Print each entry word for word without images.

[Start of Attachment]

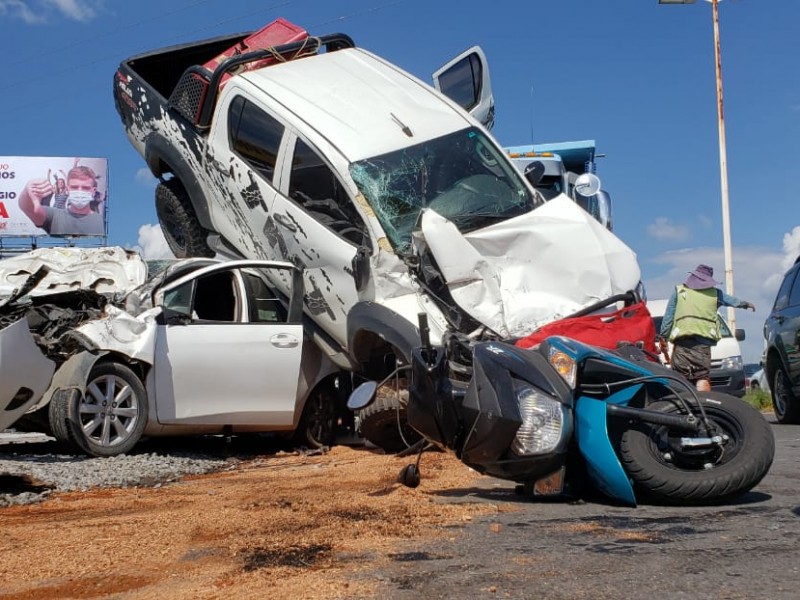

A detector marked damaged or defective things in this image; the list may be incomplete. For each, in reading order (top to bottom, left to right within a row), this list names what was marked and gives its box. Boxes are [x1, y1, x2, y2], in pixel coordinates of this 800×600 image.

crumpled car door [432, 46, 494, 130]
shattered windshield [350, 127, 536, 253]
crushed sedan [0, 246, 350, 458]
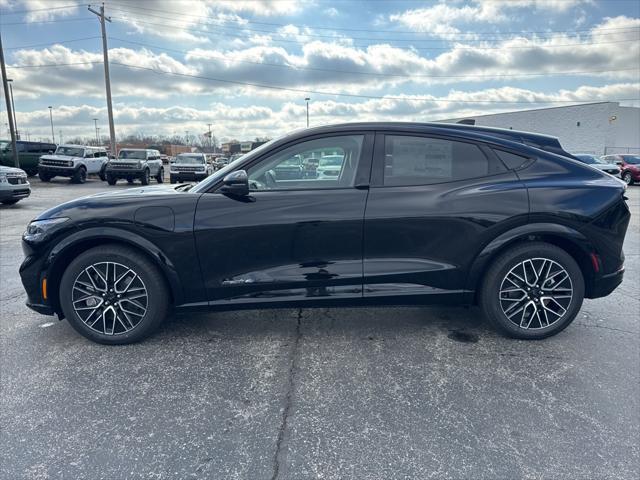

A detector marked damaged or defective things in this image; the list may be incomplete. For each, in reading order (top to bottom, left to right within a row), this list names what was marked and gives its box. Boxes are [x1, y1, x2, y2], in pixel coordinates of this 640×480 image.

crack in pavement [272, 310, 304, 480]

[End of Attachment]

Exercise solution:
A detector marked damaged or defective things in this image; the list may be incomplete. For each, in reading order (top to bottom, left to right within a row), this list names what was marked and gives its box. Boxes are [x1, y1, x2, y2], in pixel coordinates of this 800×600 image.

crumpled car door [432, 46, 494, 130]
shattered windshield [350, 127, 536, 253]
crushed sedan [0, 246, 350, 458]

A detector marked damaged or defective things in this image; the list may be incomplete. For each, in reading order (top to bottom, left to right within a row), this list names what was marked and gives its box. Boxes are [x1, y1, x2, y2], in pixel coordinates of this 640×480 image.

crack in pavement [272, 310, 304, 480]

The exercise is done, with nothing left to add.